I ask the Minister to put on the record the underlying principles that the Government followed in producing the transitional arrangements applicable to those two different categories of people.
The Government will be aware that various outside parties have said that the arrangements that have emerged are not quite what the Green Paper envisaged and in some cases are less attractive. It has been said that the Bill should provide a more precise definition of the valuation method for DB used to register for primary protection, which will be significantly more restrictive than expected; that protection applies to 20 times the pension available on early retirement at A-day rather than the full accrued pension; and that, for those too young to retire, retirement at the earliest permissible age is assumed. If early retirement
reductions are brought into the equation, primary protection will be much less attractive and less available.
The point has been made that the valuation basis is more prohibitive than was originally suggested. Point C5 of the consultation document says:
''For DB benefits, pre A-day pension rights may be based on earnings when the benefits or part of the benefits are first taken, rather than on historic earnings. So, the taking of the first benefits under a DB scheme sets the maximum final pensionable salary''.
I shall not go into excessive illustrations, but the point is readily made that some people lose out because the calculation may put them under the ceiling for protection, but as time goes by, and even with the £1.8 million, they may be over, particularly if they are younger when they come to take their pension on retirement.

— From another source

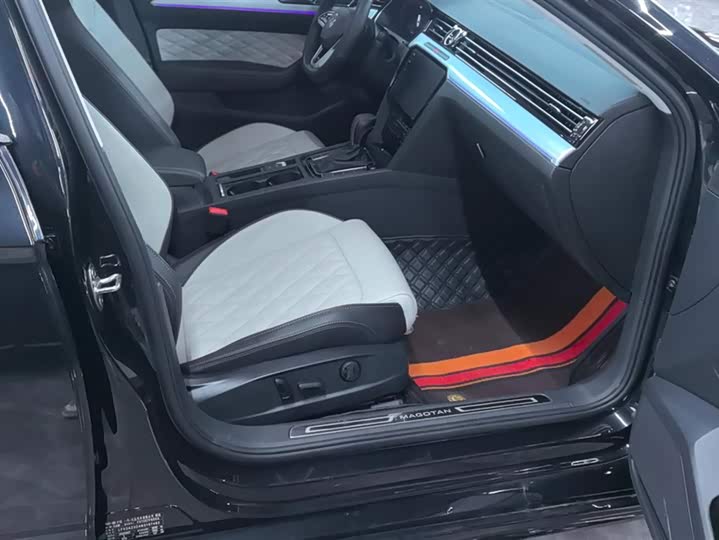 Фото 8 - Volkswagen Magotan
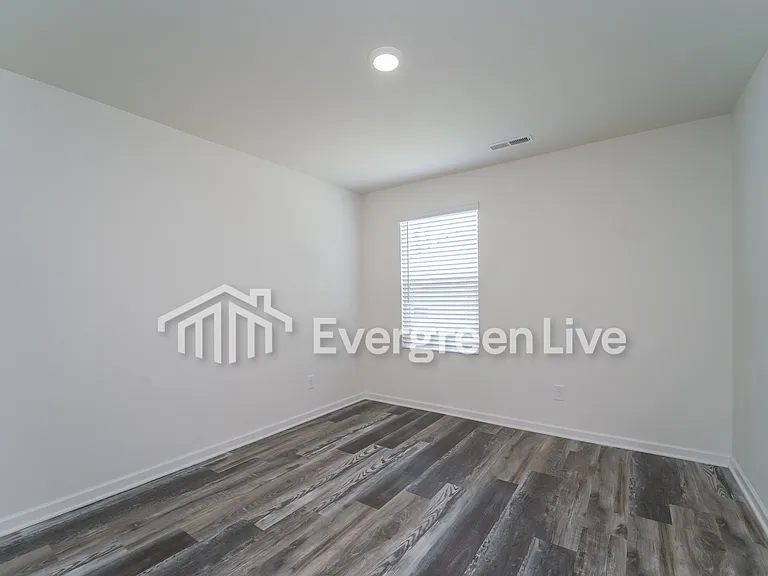 6092 Diamond Pl — Photo 7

Some of the amendments that we tabled to schedule 34 have been echoed by the Government, but I repeat that, having read through the explanatory notes, I found the schedule to be probably the least clear part of the Bill. It is an area of complexity and one in which the people who most want to know where they stand are those caught in the transitional process, so I think it pertinent that the Minister lay down the broad principles for those two categories, from which individuals can subsequently explore with their advisers precisely where they stand.